> _WHAT IS REQUIRED_
All records are to be restated exactly, each line as it reads.

[Caption-style text data]
= = = = =

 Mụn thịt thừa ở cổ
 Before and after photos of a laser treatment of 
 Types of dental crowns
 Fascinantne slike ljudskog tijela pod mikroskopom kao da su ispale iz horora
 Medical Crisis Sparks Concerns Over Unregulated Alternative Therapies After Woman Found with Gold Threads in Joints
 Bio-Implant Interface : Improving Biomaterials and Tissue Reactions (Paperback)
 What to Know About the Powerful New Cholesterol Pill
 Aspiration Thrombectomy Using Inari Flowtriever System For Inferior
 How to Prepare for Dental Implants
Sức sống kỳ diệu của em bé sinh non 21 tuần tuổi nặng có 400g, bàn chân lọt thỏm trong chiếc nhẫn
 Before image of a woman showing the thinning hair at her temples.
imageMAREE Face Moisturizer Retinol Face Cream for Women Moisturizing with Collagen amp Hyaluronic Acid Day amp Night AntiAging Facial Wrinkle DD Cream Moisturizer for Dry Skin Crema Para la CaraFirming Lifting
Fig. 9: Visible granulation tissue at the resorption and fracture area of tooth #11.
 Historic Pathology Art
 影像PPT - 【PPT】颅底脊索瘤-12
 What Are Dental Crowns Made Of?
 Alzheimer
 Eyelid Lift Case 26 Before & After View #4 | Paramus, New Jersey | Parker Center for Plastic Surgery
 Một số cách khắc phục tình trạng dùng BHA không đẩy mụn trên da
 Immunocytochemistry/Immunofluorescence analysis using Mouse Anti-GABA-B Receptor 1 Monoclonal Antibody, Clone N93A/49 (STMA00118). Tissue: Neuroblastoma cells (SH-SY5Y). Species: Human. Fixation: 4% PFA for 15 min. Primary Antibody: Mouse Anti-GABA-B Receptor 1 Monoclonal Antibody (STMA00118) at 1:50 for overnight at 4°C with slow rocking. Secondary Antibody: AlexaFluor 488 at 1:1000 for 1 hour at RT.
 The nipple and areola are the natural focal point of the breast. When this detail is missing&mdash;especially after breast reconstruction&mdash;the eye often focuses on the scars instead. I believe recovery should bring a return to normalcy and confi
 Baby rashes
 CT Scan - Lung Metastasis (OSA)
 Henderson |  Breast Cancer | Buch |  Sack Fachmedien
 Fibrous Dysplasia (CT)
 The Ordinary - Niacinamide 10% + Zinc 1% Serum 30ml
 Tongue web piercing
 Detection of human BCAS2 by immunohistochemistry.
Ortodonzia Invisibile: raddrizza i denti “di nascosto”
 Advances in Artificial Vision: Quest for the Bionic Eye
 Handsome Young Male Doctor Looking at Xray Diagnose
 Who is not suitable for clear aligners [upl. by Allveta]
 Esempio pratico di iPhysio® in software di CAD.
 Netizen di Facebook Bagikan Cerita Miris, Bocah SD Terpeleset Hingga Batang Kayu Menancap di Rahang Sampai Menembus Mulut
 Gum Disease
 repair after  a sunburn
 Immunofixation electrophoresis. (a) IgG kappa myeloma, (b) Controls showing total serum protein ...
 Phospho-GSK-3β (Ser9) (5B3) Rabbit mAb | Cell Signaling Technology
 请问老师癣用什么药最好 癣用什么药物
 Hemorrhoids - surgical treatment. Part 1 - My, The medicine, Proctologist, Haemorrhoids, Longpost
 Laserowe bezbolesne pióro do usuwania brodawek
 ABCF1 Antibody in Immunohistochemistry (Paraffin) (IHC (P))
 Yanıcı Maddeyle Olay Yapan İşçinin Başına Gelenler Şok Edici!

= = = = =

> _RESPONSE_
 Mụn thịt thừa ở cổ
 Before and after photos of a laser treatment of 
 Types of dental crowns
 Fascinantne slike ljudskog tijela pod mikroskopom kao da su ispale iz horora
 Medical Crisis Sparks Concerns Over Unregulated Alternative Therapies After Woman Found with Gold Threads in Joints
 Bio-Implant Interface : Improving Biomaterials and Tissue Reactions (Paperback)
 What to Know About the Powerful New Cholesterol Pill
 Aspiration Thrombectomy Using Inari Flowtriever System For Inferior
 How to Prepare for Dental Implants
Sức sống kỳ diệu của em bé sinh non 21 tuần tuổi nặng có 400g, bàn chân lọt thỏm trong chiếc nhẫn
 Before image of a woman showing the thinning hair at her temples.
imageMAREE Face Moisturizer Retinol Face Cream for Women Moisturizing with Collagen amp Hyaluronic Acid Day amp Night AntiAging Facial Wrinkle DD Cream Moisturizer for Dry Skin Crema Para la CaraFirming Lifting
Fig. 9: Visible granulation tissue at the resorption and fracture area of tooth #11.
 Historic Pathology Art
 影像PPT - 【PPT】颅底脊索瘤-12
 What Are Dental Crowns Made Of?
 Alzheimer
 Eyelid Lift Case 26 Before & After View #4 | Paramus, New Jersey | Parker Center for Plastic Surgery
 Một số cách khắc phục tình trạng dùng BHA không đẩy mụn trên da
 Immunocytochemistry/Immunofluorescence analysis using Mouse Anti-GABA-B Receptor 1 Monoclonal Antibody, Clone N93A/49 (STMA00118). Tissue: Neuroblastoma cells (SH-SY5Y). Species: Human. Fixation: 4% PFA for 15 min. Primary Antibody: Mouse Anti-GABA-B Receptor 1 Monoclonal Antibody (STMA00118) at 1:50 for overnight at 4°C with slow rocking. Secondary Antibody: AlexaFluor 488 at 1:1000 for 1 hour at RT.
 The nipple and areola are the natural focal point of the breast. When this detail is missing&mdash;especially after breast reconstruction&mdash;the eye often focuses on the scars instead. I believe recovery should bring a return to normalcy and confi
 Baby rashes
 CT Scan - Lung Metastasis (OSA)
 Henderson |  Breast Cancer | Buch |  Sack Fachmedien
 Fibrous Dysplasia (CT)
 The Ordinary - Niacinamide 10% + Zinc 1% Serum 30ml
 Tongue web piercing
 Detection of human BCAS2 by immunohistochemistry.
Ortodonzia Invisibile: raddrizza i denti “di nascosto”
 Advances in Artificial Vision: Quest for the Bionic Eye
 Handsome Young Male Doctor Looking at Xray Diagnose
 Who is not suitable for clear aligners [upl. by Allveta]
 Esempio pratico di iPhysio® in software di CAD.
 Netizen di Facebook Bagikan Cerita Miris, Bocah SD Terpeleset Hingga Batang Kayu Menancap di Rahang Sampai Menembus Mulut
 Gum Disease
 repair after  a sunburn
 Immunofixation electrophoresis. (a) IgG kappa myeloma, (b) Controls showing total serum protein ...
 Phospho-GSK-3β (Ser9) (5B3) Rabbit mAb | Cell Signaling Technology
 请问老师癣用什么药最好 癣用什么药物
 Hemorrhoids - surgical treatment. Part 1 - My, The medicine, Proctologist, Haemorrhoids, Longpost
 Laserowe bezbolesne pióro do usuwania brodawek
 ABCF1 Antibody in Immunohistochemistry (Paraffin) (IHC (P))
 Yanıcı Maddeyle Olay Yapan İşçinin Başına Gelenler Şok Edici!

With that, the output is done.